--- Provided data ---
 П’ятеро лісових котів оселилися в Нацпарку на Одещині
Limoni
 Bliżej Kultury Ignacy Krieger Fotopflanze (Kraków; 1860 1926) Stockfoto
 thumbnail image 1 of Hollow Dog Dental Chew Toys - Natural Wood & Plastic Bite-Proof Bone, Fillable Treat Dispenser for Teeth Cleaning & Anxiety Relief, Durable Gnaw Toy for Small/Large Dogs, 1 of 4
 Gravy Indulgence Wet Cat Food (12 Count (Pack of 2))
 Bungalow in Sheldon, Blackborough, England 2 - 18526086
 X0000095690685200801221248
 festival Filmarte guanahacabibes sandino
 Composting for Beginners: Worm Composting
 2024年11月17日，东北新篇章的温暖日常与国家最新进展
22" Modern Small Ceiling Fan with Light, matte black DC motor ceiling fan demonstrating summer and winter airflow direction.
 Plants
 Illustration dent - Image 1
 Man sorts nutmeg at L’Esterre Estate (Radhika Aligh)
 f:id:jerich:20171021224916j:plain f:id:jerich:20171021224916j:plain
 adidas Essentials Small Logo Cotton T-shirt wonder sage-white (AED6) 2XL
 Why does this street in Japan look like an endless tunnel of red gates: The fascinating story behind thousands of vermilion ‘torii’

--- Task description ---
After counting the lines above that include the word "Small", give only the number.

--- Task response ---
3